After the Court issued its Dobbs opinion in June, Hogan Lovells organized a Zoom call in early July for female employees. Keller joined the call, which mostly involved women expressing anger over Dobbs, and offered a dissenting view:
I noted that many jurists and commentators believed Roe had been wrongly decided. I said that the court was right to remand the issue to the states. I added that I thought abortion-rights advocates had brought much of the pushback against Roe on themselves by pushing for extreme policies. I referred to numerous reports of disproportionately high rates of abortion in the Black community, which some have called a form of genocide. I said I thought this was tragic.

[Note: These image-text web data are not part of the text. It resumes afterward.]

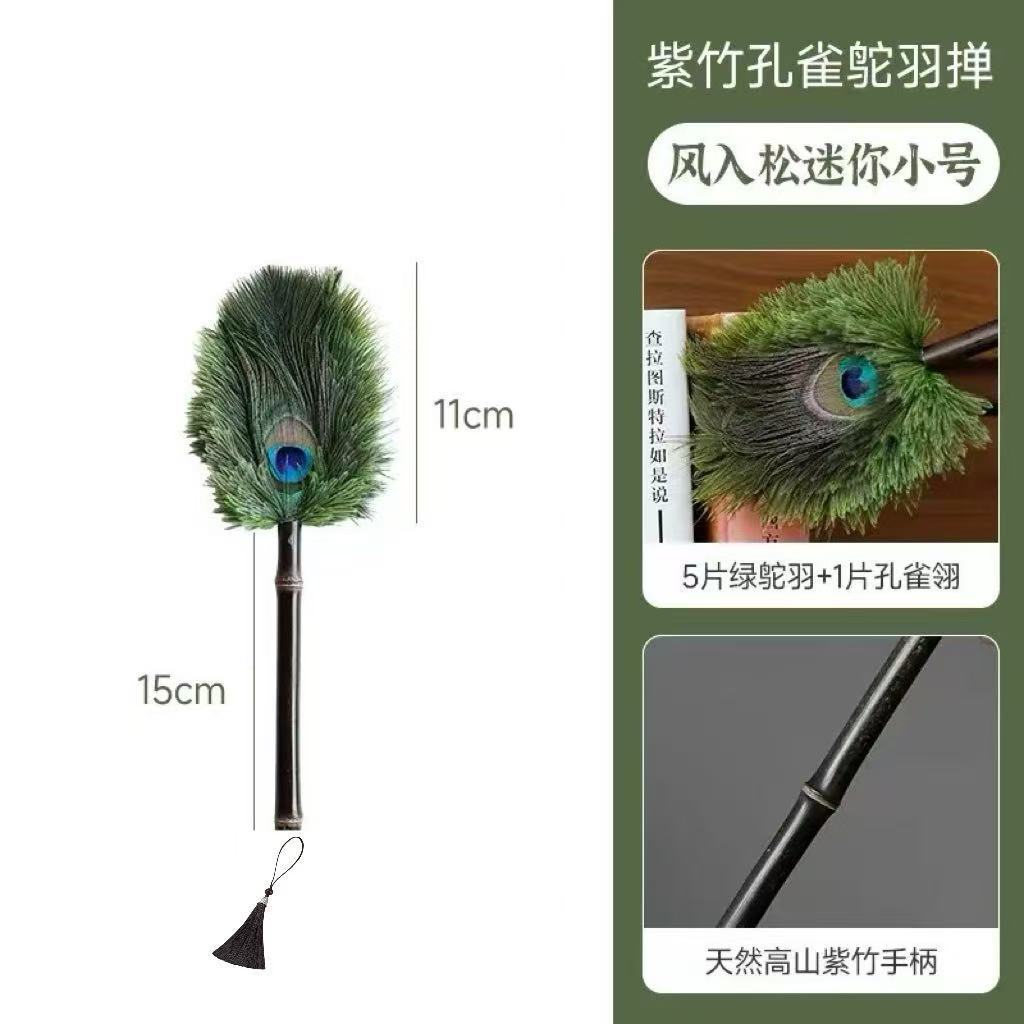 Purple Bamboo Ostrich and Peacock Feather Duster (Small)
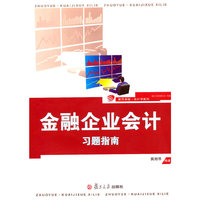 金融企业会计习题指南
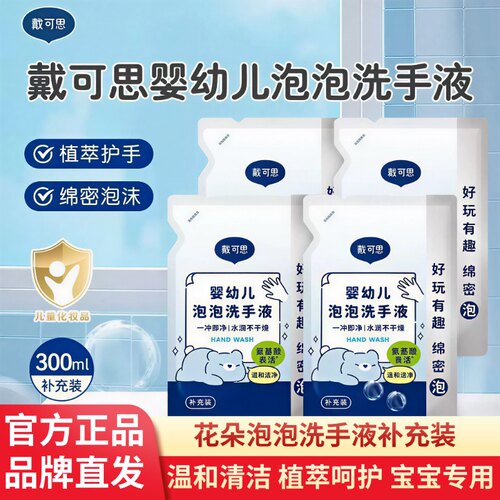戴可思儿童洗手液补充液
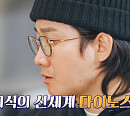 롯데 자이언츠ㆍNC 다이노스 식당 요리사 대결…승리팀은?(외나무식탁)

To say these remarks did not go over well would be a massive understatement. The speaker after Keller condemned her as a racist and told her to leave the meeting, other participants said they “lost their ability to breathe” after her comments, and yet another attendee told Kathryn Rubino of Above the Law (“ATL”) that she was “traumatized and hurt” by what Keller said.
At the time, Hogan Lovells issued a statement to ATL condemning what some call participants called the “inappropriate” and “offensive” remarks of Keller, who was suspended pending an investigation by outside counsel. At the investigation’s conclusion, Keller was told that her comments violated the firm’s anti-harassment policy, and she was fired. Here’s what Keller concluded about the controversy:
The response of the rabidly anti-Dobbs participants on the call wasn’t surprising. What was shocking, at least to me, was how eagerly Hogan Lovells kowtowed to a woke faction inside its workforce. Several women on the call—as well as male lawyers at the firm—contacted me later to offer private support for my right to express my views. Those former colleagues must now realize that they are in a hostile work environment. If this could happen to me, anyone who expresses a disfavored opinion—even on a matter of law—can expect the same treatment: immediate cancellation without concern for client interests, due process, or fairness.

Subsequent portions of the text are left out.